Go to the line containing "Green Jelly Garnele, Neocaridina" in the listing below. Output that line and each later one exactly.

**PROVIDED MATERIAL**
════════════════
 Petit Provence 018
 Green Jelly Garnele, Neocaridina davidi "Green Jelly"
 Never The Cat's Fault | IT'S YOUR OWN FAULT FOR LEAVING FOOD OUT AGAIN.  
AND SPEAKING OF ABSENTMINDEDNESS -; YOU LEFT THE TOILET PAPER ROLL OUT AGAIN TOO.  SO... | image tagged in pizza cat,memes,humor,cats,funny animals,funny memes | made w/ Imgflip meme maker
════════════════
**EXERCISE RESPONSE**
 Green Jelly Garnele, Neocaridina davidi "Green Jelly"
 Never The Cat's Fault | IT'S YOUR OWN FAULT FOR LEAVING FOOD OUT AGAIN.  
AND SPEAKING OF ABSENTMINDEDNESS -; YOU LEFT THE TOILET PAPER ROLL OUT AGAIN TOO.  SO... | image tagged in pizza cat,memes,humor,cats,funny animals,funny memes | made w/ Imgflip meme maker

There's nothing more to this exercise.